DA: R.A. McDermott, Direttore del PROGETTO JUPITER

Rife: R/JUPITER 84-011

VIA: S. Ellington, STP

SOGGETTO: Primo Contatto


1. La presente comunicazione per confermare il mio precedente messaggio telefonico: abbiamo stabilito contatto radar con l’oggetto in discussione.

2. In risposta alle proposte sollevate da una minoranza dei partecipanti al PROGETTO JUPITER, chiedo rispettosamente uno studio da parte della NASA e/o altri Enti federali circa la possibilità e la desiderabilità di lanciare verso l’oggetto stesso una missione spaziale di rendez-vous con equipaggio umano, presumibilmente nel momento in cui esso si troverà più vicino alla Terra.

3. È, comunque, mia meditata opinione che la facilità di stabilire un contatto elettromagnetico e le difficoltà implicite in una missione di rendez-vous debbano giocare a favore della prima ipotesi e a sfavore della seconda.

4. Una missione di rendez-vous con equipaggio umano avrebbe un costo altissimo in fondi e personale, soprattutto qualora dovesse fallire.

ULTRA TOP SECRET


La Lincoln correva nella notte buia del Nevada, sfrecciava sull’Interstatale 15 attraverso il grande deserto salato. A ogni lato dell’orizzonte, montagne scoscese, pallide e mute, immerse nel chiarore della luna crescente.

«Si sgonfierà tutto» stava dicendo Charles Grodon. «Non possiamo continuare a tenere la gente sul filo.»

Willie Wilson era riverso sul sedile posteriore della Lincoln, gli occhi chiusi, il mento sul petto. Al suo fianco sedeva Bobby, suo fratello e manager. Grodon era seduto di fronte a loro due, sul seggiolino estraibile.

«Piantala, Charlie» sussurrò Bobby. «È distrutto.»

Bobby aveva tre anni in meno del fratello, era parecchio più piccolo, e più grasso di otto chili. Willie era biondo, con uno sguardo intenso, mentre il viso lentigginoso e i capelli rossi davano a Bobby un’aria sbarazzina. Spesso raccontavano, per scherzo, di essere gemelli.

«Siamo tutti stanchi» ribatté Grodon. «Non facciamo altro che viaggiare e lavorare come pazzi. Però io non voglio che finisca tutto nel nulla.»

Grodon era magro come un fuscello; i tratti del suo viso erano affilati, le mani nervose, mai ferme. Tamburellava con le dita sulle pieghe perfette dei calzoni. Giocherellava con i bottoni del panciotto.
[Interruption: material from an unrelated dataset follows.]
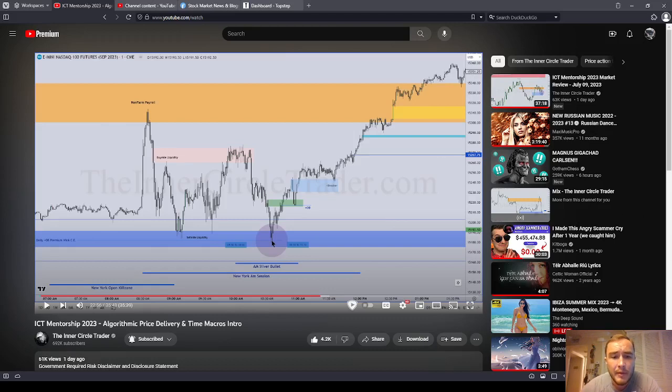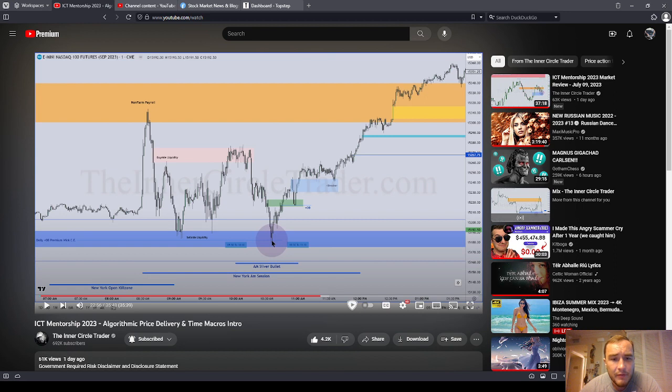Good afternoon, everyone. My name is Rhys. I'm an apprentice of the Master Trader, Inner Circle Trader. And in this video, I wanted to give you a very direct message.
Si grattava il naso.

«Abbiamo avuto il pubblico più numeroso che si sia mai visto a Vegas» disse Bobby sottovoce, per non disturbare suo fratello. «Tre reti televisive nazionali hanno fatto un servizio nei loro notiziari. Quelli del “Time” sono venuti a curiosare. Cosa vuoi di più?»

«Dobbiamo dargli qualcosa di più del solito “Scrutate il cielo”» disse Grodon. «Willie deve fare un altro passo, raccontare qualcosa che non abbiano ancora sentito. Se no si stancheranno e ci pianteranno.»

«Abbiamo il tutto esaurito a Washington e ad Anaheim» fece notare Bobby.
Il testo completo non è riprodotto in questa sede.